• **INPUT**:

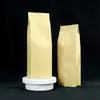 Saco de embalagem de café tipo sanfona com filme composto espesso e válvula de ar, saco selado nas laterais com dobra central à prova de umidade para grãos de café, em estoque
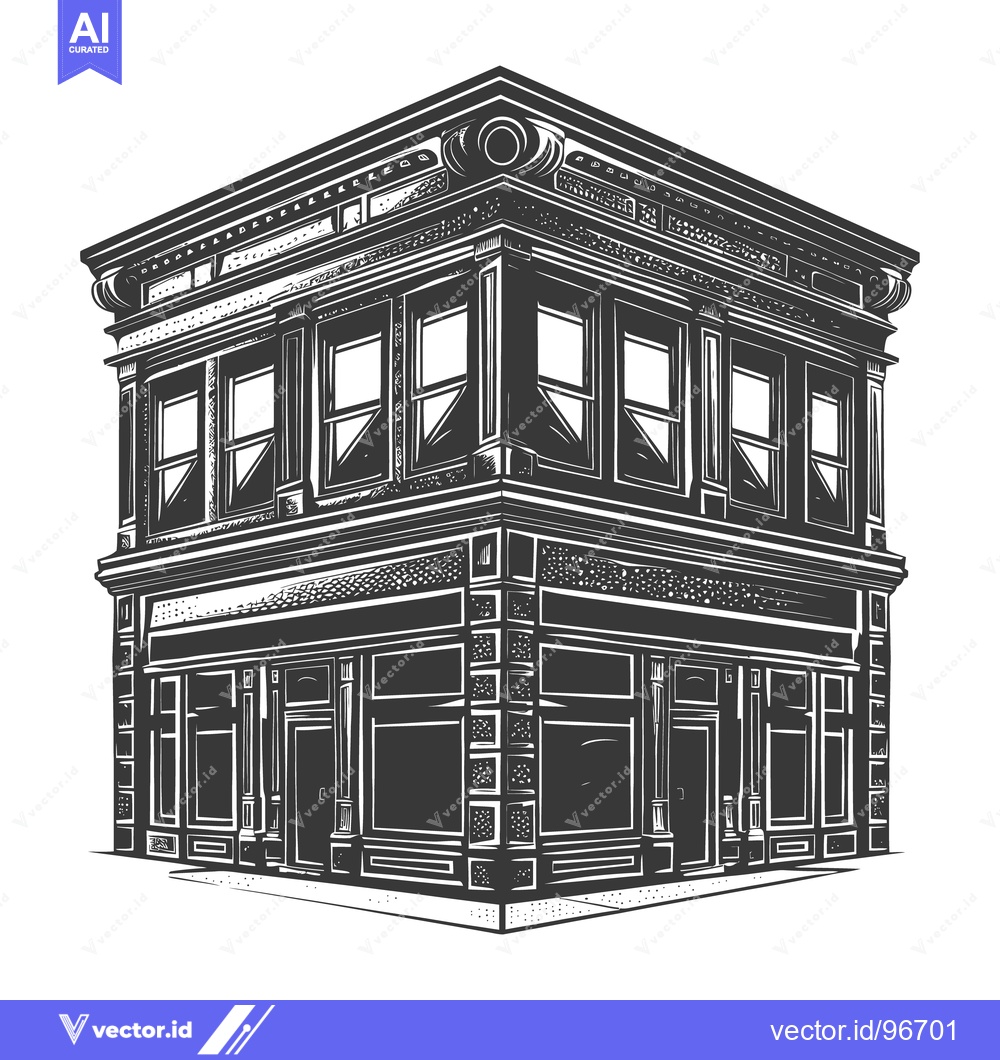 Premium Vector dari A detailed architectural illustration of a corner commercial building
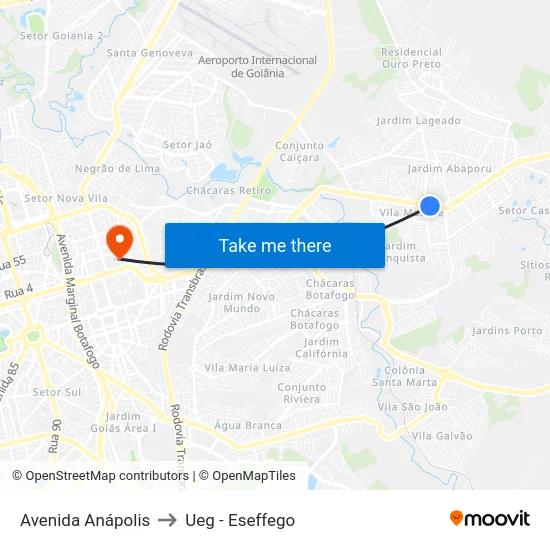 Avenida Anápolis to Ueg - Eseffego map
==
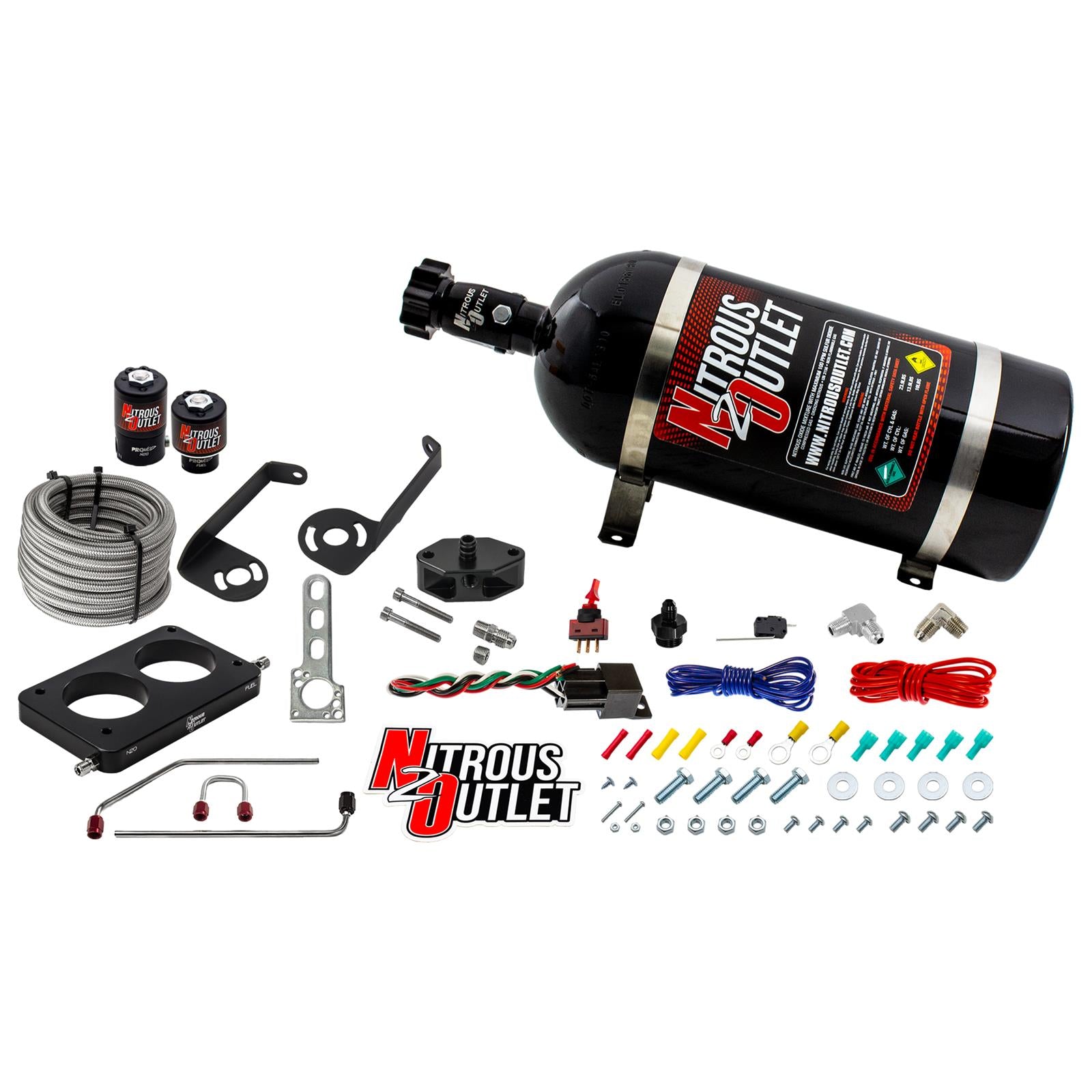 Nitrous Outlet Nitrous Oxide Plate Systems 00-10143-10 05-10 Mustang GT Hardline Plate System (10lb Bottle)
---
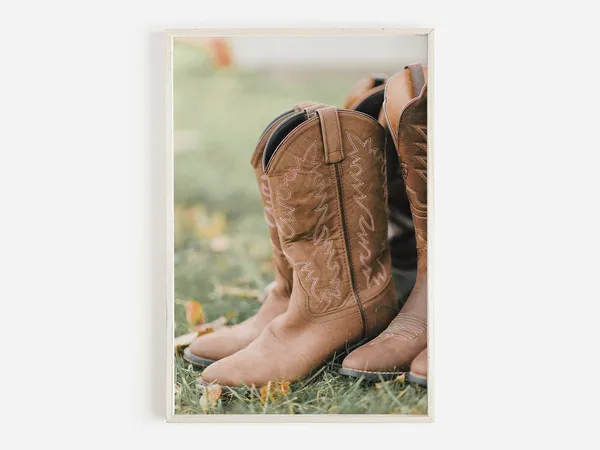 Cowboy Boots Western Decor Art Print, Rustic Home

• **WORK REQUEST**: Transcribe, from the material above, the stretch starting at the line with "Saco de embalagem" and ending at the line with "Avenida Anápolis to Ueg - Eseffego map", both included, exactly. Do not carry over pictures.

• **SOLUTION TO THE EXERCISE**:
 Saco de embalagem de café tipo sanfona com filme composto espesso e válvula de ar, saco selado nas laterais com dobra central à prova de umidade para grãos de café, em estoque
 Premium Vector dari A detailed architectural illustration of a corner commercial building
 Avenida Anápolis to Ueg - Eseffego map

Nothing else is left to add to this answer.